— What the exercise asks —
Would you output the entries below only from the line containing "Ernst Holzhäuser, Soldat bei der Beobachtung" through the line containing "Wolky Taranta - donkerblauw", exactly as they stand and with both ends included?

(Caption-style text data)
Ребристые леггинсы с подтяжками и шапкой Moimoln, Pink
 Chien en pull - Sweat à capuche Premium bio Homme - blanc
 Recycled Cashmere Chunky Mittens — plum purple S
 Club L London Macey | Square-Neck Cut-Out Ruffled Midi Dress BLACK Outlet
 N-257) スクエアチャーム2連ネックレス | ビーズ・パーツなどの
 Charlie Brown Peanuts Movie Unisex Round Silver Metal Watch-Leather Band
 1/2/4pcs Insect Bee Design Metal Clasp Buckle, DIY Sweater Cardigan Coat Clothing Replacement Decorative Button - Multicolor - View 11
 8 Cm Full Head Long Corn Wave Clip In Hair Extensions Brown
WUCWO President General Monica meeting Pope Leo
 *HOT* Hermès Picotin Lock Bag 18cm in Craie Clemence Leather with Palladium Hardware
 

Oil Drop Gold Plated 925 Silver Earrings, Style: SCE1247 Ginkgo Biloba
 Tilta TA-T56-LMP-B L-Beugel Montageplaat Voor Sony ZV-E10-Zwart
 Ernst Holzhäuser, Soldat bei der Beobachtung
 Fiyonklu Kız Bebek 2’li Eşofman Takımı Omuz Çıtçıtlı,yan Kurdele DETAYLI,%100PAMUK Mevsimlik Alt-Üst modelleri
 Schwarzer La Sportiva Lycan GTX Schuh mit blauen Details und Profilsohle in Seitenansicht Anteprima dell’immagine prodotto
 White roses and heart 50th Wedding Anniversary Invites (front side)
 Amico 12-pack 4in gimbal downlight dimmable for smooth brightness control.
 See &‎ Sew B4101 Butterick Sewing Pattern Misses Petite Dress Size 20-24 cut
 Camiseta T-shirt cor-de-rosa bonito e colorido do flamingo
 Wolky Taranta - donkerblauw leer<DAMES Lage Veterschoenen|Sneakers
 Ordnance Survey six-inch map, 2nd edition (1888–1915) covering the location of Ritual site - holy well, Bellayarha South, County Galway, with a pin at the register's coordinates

— Task response —
 Ernst Holzhäuser, Soldat bei der Beobachtung
 Fiyonklu Kız Bebek 2’li Eşofman Takımı Omuz Çıtçıtlı,yan Kurdele DETAYLI,%100PAMUK Mevsimlik Alt-Üst modelleri
 Schwarzer La Sportiva Lycan GTX Schuh mit blauen Details und Profilsohle in Seitenansicht Anteprima dell’immagine prodotto
 White roses and heart 50th Wedding Anniversary Invites (front side)
 Amico 12-pack 4in gimbal downlight dimmable for smooth brightness control.
 See &‎ Sew B4101 Butterick Sewing Pattern Misses Petite Dress Size 20-24 cut
 Camiseta T-shirt cor-de-rosa bonito e colorido do flamingo
 Wolky Taranta - donkerblauw leer<DAMES Lage Veterschoenen|Sneakers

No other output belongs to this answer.